Linvoseltamab (REGN5458), a fully human BCMA×CD3 bsAb for R/R multiple myeloma
Linvoseltamab is a fully human BCMAxCD3 bsAb designed to bridge B-cell maturation antigen (BCMA) on MM cells with CD3-expressing T cells to facilitate T-cell activation and cancer-cell killing. It was invented using Regeneron’s VelocImmune® technology which utilizes a proprietary genetically engineered mouse platform endowed with a genetically humanized immune system to produce optimized fully human antibodies. Lynozyfic is cautioned against cytokine release syndrome and neurotoxicity.

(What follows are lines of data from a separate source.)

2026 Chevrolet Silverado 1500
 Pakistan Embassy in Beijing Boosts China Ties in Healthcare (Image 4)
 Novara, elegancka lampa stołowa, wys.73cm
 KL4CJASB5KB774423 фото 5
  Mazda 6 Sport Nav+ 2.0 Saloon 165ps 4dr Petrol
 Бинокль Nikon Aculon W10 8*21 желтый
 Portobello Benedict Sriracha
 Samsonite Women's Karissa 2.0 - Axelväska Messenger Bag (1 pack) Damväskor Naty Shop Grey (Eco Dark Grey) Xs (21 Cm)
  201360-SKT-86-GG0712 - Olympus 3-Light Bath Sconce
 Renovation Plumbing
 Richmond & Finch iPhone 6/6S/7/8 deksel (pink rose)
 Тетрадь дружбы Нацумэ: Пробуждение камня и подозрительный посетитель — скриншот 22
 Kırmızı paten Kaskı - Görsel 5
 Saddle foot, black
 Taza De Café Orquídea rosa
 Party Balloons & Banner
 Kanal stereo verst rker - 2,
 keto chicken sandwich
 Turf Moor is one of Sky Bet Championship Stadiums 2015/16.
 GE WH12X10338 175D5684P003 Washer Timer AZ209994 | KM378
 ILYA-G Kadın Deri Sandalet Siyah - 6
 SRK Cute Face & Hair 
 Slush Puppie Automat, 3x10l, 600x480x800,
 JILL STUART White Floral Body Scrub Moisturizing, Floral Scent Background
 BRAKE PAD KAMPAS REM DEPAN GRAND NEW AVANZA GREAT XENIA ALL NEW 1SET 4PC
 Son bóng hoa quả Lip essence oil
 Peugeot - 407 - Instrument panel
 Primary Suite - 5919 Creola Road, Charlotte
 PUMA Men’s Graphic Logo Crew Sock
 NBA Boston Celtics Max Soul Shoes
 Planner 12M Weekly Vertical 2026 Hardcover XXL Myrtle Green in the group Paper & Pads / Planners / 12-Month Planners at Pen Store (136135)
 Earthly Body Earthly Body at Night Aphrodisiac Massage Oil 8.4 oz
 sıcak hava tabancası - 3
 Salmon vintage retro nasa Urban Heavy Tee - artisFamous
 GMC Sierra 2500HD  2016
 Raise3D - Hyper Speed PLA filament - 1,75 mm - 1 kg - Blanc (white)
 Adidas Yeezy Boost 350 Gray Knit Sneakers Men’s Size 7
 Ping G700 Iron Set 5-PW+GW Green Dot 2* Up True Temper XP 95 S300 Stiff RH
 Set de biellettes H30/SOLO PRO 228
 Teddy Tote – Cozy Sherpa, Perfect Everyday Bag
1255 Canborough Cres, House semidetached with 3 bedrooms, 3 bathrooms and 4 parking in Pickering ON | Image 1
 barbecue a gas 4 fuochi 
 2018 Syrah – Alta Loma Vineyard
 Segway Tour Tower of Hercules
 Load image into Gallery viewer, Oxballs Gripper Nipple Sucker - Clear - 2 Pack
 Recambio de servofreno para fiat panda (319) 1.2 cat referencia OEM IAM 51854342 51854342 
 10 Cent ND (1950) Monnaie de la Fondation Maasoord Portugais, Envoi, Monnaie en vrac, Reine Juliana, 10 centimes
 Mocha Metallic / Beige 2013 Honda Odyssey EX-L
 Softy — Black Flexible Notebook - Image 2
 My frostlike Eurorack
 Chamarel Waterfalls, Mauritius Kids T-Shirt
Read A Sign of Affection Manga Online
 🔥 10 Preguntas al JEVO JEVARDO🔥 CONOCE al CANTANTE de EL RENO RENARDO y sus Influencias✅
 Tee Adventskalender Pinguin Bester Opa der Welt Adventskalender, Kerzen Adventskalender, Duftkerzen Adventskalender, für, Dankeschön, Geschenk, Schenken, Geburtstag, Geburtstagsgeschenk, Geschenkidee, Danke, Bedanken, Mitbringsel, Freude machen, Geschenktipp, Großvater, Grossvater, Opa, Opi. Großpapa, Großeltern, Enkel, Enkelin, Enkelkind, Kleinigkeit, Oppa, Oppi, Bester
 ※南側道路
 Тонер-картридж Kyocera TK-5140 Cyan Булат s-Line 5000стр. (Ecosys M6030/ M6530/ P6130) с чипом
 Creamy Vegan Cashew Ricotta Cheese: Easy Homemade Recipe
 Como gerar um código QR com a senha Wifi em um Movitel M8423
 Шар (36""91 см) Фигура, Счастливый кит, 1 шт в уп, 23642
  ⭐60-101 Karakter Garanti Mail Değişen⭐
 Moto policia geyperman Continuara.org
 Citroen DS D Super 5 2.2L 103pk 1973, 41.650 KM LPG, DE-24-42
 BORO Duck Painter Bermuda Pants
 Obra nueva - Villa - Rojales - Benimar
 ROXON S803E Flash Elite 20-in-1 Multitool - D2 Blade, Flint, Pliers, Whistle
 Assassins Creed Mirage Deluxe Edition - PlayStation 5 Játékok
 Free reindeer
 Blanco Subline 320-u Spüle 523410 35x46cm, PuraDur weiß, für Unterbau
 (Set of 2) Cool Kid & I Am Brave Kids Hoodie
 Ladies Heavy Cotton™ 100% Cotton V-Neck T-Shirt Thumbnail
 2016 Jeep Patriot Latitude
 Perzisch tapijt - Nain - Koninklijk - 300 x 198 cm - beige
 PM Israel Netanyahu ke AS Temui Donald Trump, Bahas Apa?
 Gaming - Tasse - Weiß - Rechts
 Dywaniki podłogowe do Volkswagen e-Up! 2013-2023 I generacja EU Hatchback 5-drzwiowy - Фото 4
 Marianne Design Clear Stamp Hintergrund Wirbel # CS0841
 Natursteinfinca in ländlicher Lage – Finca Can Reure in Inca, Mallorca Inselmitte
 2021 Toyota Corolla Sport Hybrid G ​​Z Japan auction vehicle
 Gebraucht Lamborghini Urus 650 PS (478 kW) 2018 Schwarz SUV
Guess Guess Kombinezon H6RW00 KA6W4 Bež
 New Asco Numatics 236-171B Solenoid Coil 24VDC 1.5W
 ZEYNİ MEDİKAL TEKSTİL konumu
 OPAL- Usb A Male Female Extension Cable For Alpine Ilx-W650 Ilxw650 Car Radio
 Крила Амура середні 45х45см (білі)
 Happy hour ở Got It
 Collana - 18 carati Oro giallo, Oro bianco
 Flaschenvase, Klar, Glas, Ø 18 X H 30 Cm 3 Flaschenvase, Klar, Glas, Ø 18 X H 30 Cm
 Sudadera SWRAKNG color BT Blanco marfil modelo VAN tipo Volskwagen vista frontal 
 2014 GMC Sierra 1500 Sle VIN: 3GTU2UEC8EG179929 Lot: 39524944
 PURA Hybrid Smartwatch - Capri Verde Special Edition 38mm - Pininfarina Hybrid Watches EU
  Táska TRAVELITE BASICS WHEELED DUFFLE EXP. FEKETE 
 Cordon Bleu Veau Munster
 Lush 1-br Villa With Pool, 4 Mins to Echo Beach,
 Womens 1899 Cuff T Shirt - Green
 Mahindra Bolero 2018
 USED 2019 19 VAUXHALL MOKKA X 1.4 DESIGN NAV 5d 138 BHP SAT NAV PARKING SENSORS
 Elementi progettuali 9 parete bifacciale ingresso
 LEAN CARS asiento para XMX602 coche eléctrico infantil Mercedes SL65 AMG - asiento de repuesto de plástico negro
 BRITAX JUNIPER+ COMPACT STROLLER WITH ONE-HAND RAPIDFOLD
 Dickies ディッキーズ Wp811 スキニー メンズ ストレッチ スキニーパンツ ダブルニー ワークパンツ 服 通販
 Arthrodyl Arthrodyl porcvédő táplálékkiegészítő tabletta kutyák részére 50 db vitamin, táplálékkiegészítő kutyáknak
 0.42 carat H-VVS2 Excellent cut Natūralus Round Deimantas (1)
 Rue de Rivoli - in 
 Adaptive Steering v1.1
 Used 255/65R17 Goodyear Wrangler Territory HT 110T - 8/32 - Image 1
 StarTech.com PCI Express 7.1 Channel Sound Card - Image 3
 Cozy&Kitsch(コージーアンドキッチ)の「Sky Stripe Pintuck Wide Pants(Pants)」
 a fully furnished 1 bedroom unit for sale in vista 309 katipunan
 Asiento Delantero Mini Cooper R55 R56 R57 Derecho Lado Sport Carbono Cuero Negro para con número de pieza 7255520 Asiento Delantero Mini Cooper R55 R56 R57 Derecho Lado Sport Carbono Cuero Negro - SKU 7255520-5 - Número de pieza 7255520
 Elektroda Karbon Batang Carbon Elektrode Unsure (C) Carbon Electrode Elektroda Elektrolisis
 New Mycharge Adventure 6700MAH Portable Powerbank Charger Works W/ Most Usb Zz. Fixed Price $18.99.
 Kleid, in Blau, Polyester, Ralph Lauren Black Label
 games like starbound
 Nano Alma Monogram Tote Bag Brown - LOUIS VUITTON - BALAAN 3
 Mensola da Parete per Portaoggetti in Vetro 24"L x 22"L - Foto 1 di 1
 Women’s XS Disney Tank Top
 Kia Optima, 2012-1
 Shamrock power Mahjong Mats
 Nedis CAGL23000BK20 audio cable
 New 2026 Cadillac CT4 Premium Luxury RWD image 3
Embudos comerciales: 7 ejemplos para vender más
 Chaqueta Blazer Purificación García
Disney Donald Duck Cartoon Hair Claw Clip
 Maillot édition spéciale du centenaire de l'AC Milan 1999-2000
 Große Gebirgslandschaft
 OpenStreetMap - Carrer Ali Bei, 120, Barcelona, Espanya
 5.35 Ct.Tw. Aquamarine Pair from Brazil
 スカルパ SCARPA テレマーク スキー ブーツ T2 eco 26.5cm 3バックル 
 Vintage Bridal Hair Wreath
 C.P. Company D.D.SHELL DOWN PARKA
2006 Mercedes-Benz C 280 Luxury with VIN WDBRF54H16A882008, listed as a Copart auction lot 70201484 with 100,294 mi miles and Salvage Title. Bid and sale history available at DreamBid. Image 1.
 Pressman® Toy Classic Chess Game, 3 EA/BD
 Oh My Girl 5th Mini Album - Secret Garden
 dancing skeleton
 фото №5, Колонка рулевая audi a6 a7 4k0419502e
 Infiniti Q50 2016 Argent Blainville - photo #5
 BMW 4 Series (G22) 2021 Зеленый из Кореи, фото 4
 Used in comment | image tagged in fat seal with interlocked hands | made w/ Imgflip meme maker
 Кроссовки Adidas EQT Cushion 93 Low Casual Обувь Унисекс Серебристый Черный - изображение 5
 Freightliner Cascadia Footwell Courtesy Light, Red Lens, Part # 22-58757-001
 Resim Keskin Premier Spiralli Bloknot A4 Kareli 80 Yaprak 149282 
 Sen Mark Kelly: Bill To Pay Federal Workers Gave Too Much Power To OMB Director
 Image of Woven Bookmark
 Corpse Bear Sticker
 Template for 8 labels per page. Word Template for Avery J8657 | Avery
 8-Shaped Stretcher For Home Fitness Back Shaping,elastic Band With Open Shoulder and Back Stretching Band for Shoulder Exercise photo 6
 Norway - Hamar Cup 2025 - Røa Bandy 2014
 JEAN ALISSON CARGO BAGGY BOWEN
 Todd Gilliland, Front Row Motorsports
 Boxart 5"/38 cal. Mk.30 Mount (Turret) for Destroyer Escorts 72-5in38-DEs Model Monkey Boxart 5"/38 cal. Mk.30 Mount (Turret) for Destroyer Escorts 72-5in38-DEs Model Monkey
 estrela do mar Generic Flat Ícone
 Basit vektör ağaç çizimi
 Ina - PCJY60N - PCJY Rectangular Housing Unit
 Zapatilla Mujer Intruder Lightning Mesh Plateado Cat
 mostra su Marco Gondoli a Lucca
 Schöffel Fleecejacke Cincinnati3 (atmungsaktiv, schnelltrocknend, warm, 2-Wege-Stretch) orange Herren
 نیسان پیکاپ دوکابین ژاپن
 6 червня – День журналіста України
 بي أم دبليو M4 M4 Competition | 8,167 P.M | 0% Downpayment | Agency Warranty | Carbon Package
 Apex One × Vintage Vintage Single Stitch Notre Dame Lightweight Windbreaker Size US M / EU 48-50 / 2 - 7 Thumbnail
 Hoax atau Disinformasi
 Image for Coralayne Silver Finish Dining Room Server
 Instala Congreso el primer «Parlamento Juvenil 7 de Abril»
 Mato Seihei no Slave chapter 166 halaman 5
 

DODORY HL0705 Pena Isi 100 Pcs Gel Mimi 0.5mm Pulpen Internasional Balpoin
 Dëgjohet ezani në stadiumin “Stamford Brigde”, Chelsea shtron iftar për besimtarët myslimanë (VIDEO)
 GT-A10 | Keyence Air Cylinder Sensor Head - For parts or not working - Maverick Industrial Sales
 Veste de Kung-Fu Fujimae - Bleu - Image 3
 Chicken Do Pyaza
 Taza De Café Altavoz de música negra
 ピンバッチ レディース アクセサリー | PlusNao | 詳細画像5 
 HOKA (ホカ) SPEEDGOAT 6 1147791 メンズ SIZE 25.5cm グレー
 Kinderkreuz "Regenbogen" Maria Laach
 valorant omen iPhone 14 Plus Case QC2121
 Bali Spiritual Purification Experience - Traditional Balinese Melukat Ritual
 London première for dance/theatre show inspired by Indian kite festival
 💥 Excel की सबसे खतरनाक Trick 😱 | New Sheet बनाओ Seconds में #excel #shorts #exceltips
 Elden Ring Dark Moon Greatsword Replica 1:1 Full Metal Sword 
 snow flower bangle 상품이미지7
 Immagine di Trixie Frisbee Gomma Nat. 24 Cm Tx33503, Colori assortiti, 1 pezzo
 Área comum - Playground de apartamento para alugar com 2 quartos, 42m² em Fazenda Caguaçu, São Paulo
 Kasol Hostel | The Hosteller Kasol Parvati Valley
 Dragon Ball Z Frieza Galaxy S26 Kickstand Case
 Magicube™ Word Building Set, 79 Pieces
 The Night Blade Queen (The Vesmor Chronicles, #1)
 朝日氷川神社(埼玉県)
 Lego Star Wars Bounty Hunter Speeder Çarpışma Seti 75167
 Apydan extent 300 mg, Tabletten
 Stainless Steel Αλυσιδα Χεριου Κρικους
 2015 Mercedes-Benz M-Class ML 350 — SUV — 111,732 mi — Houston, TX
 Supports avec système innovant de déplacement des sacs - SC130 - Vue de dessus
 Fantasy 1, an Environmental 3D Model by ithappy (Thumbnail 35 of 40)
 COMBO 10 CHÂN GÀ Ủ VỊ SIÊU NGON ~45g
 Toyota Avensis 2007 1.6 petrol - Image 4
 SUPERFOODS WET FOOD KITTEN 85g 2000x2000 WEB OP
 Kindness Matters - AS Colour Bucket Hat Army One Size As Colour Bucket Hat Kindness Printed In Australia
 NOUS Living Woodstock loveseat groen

The FDA initially rejected the drug in August 2024 due to manufacturing issues at a third-party fill/finish site. However, on July 2, the FDA granted accelerated approval to Regeneron’s bispecific antibody Linvoseltamab for the treatment of patients with R/R MM. Lynozyfic is also approved in the European Union to treat adults with R/R MM after at least 3 prior therapies, including a proteasome inhibitor, an immunomodulatory agent and an anti-CD38 monoclonal antibody, and have demonstrated disease progression on the last therapy.
Figure 1: Schematic representation of bsAb from Regeneron. For Linvoseltamab, the tumor-specific target (purple) is BCMA binding sites. MHC, major histocompatibility complex; TCR, T-cell receptor. From “Regeneron Corporate presentation – February 2024”.
Evolution of Linvoseltamab clinical development across 12 myeloma studies
There are 12 studies, identified on ClinicalTrials.gov, describing Linvoseltamab for myeloma treatment (table below). For all of them, Regeneron is the sponsor or the collaborator.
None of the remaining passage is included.